- UB-148 at sea, a U-boat similar to UB-102.

History

German Empire
- Name: UB-102
- Ordered: 6 / 8 February 1917
- Builder: AG Vulcan, Hamburg
- Cost: 3,654,000 German Papiermark
- Yard number: 118
- Launched: 13 September 1918
- Commissioned: 17 October 1918
- Fate: Surrendered 22 November 1918, broken up

General characteristics
- Class & type: Type UB III submarine
- Displacement: 510 t (500 long tons) surfaced; 640 t (630 long tons) submerged;
- Length: 55.52 m (182 ft 2 in) (o/a)
- Beam: 5.76 m (18 ft 11 in)
- Draught: 3.73 m (12 ft 3 in)
- Propulsion: 2 × propeller shaft; 2 × AEG four-stroke 6-cylinder diesel engines, 1,085 bhp (809 kW); 2 × Siemens-Schuckert electric motors, 780 shp (580 kW);
- Speed: 13 knots (24 km/h; 15 mph) surfaced; 7.4 knots (13.7 km/h; 8.5 mph) submerged;
- Range: 7,120 nmi (13,190 km; 8,190 mi) at 6 knots (11 km/h; 6.9 mph) surfaced; 55 nmi (102 km; 63 mi) at 4 knots (7.4 km/h; 4.6 mph) submerged;
- Test depth: 50 m (160 ft)
- Complement: 3 officers, 31 men
- Armament: 5 × 50 cm (19.7 in) torpedo tubes (4 bow, 1 stern); 10 torpedoes; 1 × 10.5 cm (4.13 in) deck gun;

Service record
- Commanders: Oblt.z.S. Konrad Limann; 17 October – 11 November 1918;
- Operations: No patrols
- Victories: None

= SM UB-102 =

German submarine in WWI

SM UB-102 was a German Type UB III submarine or U-boat in the German Imperial Navy (Kaiserliche Marine) during World War I. She was commissioned into the German Imperial Navy on 17 October 1918 as SM UB-102.

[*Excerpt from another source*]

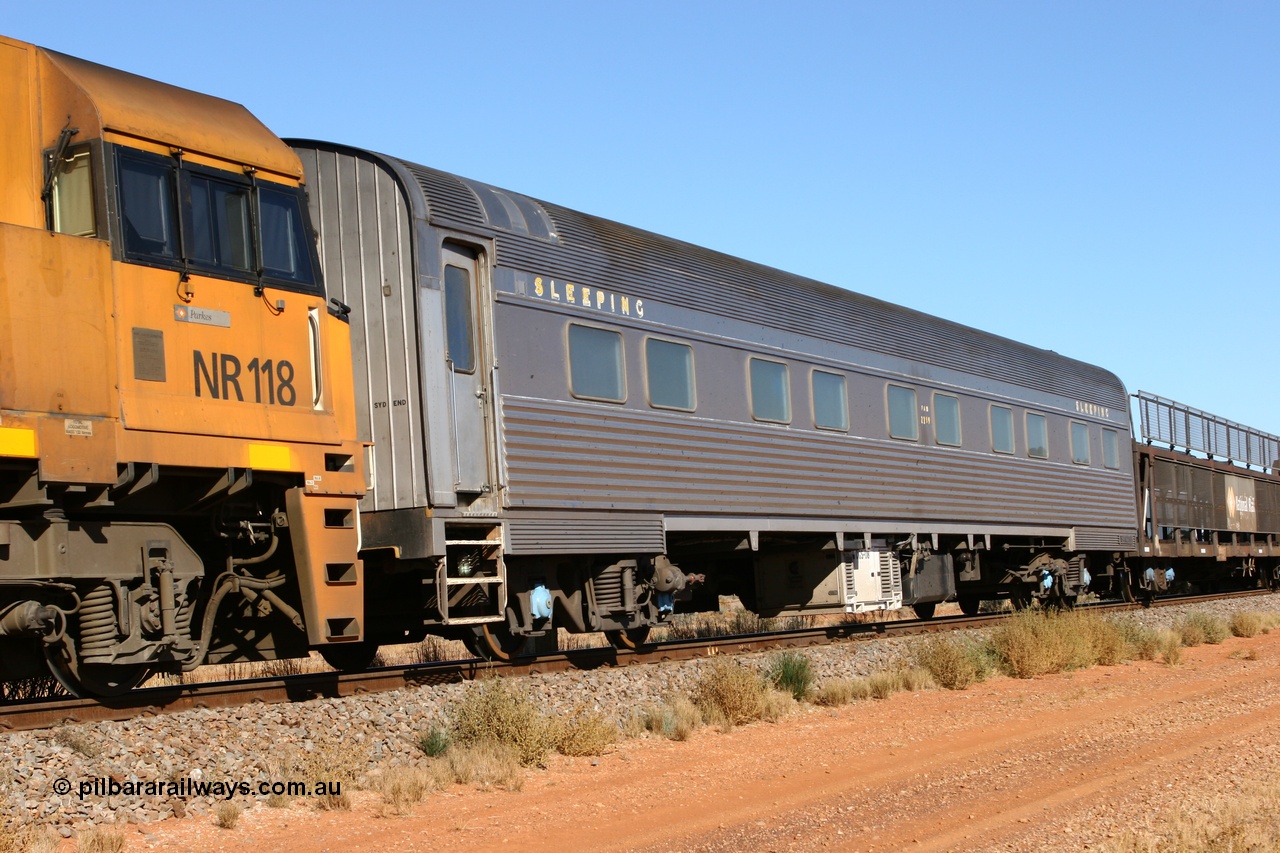 070530 9520
Parkeston, Pacific National FAM type crew accommodation coach FAM 2389 on train 3PM6, built for the NSWGR by Comeng NSW in 1976 as part of a batch of ten FAM type twinette sleeper cars, FAM 2389 was also the Lithgow breakdown train accommodation car for a time, converted to a crew car by Bluebird Rail at Islington in September 2005.
Keywords: FAM-type;FAM2389;Comeng-NSW;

UB-102 was surrendered to Italy on 22 November 1918 and broken up in La Spezia in July 1919.

==Construction==

She was built by AG Vulcan of Hamburg and following just under a year of construction, launched at Hamburg on 13 September 1918. UB-102 was commissioned later the same year . Like all Type UB III submarines, UB-102 carried 10 torpedoes and was armed with a 10.5 cm deck gun. UB-102 would carry a crew of up to 3 officer and 31 men and had a cruising range of 7,120 nmi. UB-102 had a displacement of 510 t while surfaced and 640 t when submerged. Her engines enabled her to travel at 13 kn when surfaced and 7.4 kn when submerged.